20 Verkondigt dit in het huis van Jakob, en laat het horen in Juda, zeggende:

21 Hoort nu dit, gij dwaas en harteloos volk! die ogen hebben, maar zien niet, die oren hebben, maar horen niet.

22 Zult gijlieden Mij niet vrezen? spreekt de HEERE; zult gij voor Mijn aangezicht niet beven?
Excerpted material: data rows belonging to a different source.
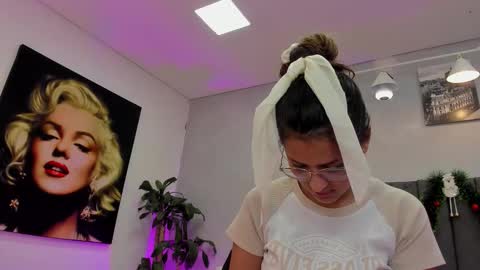 Kendra London online show from December 20, 2025, 11:50 am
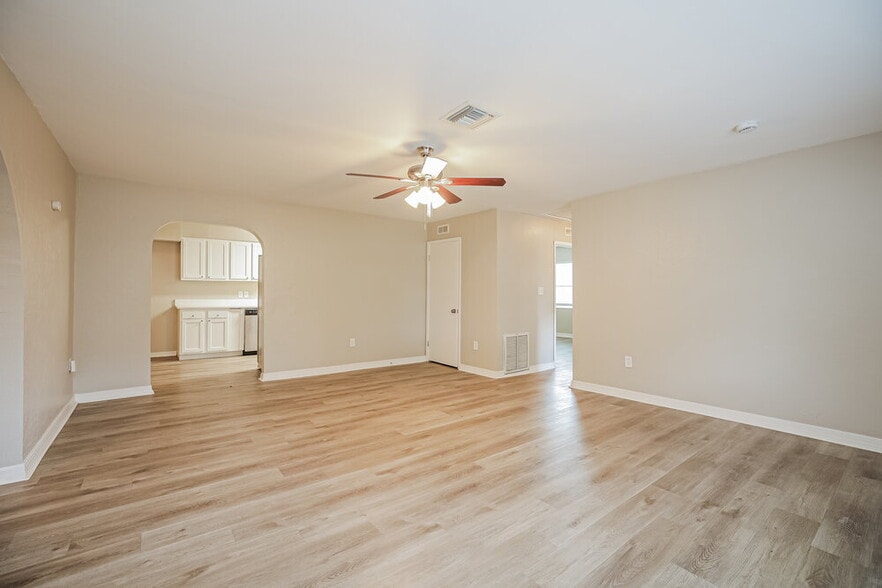 Building Photo - 4434 Armeda Ave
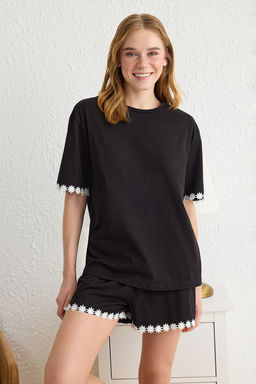 Trendyolmilla Siyah %100 Pamuklu Papatya Serit Detayl? Sortlu Orme Pijama Tak?m? THMSS25PT00076 фото 2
Die der zee het zand tot een paal gesteld heb, met een eeuwige inzetting, dat zij daarover niet zal gaan; ofschoon haar golven zich bewegen, zo zullen zij toch niet vermogen, ofschoon zij bruisen, zo zullen zij toch daarover niet gaan.

23 Maar dit volk heeft een afvallig en wederspannig hart; zij zijn afgevallen en heengegaan;

24 En zij zeggen niet in hun hart: Laat ons nu den HEERE, onzen God, vrezen, Die den regen geeft, zo vroegen regen als spaden regen, op Zijn tijd; Die ons de weken, de gezette tijden van den oogst, bewaart.

25 Uw ongerechtigheden wenden die dingen af, en uw zonden weren dat goede van ulieden.

26 Want onder Mijn volk worden goddelozen gevonden; een ieder van hen loert, gelijk zich de vogelvangers schikken; zij zetten een verderfelijken strik, zij vangen de mensen.

27 Gelijk een kouw vol is van gevogelte, alzo zijn hun huizen vol van bedrog; daarom zijn zij groot en rijk geworden.

28 Zij zijn vet, zij zijn glad, zelfs de daden der bozen gaan zij te boven; de rechtzaak richten zij niet, zelfs de rechtzaak des wezen, nochtans zijn zij voorspoedig; ook oordelen zij het recht der nooddruftigen niet.

29 Zou Ik over die dingen geen bezoeking doen? spreekt de HEERE; zou Mijn ziel zich niet wreken aan zulk een volk als dit is?

30 Een schrikkelijke en afschuwelijke zaak geschiedt er in het land.

31 De profeten profeteren valselijk, en de priesters heersen door hun handen; en Mijn volk heeft het gaarne alzo; maar wat zult gij ten einde van dien maken?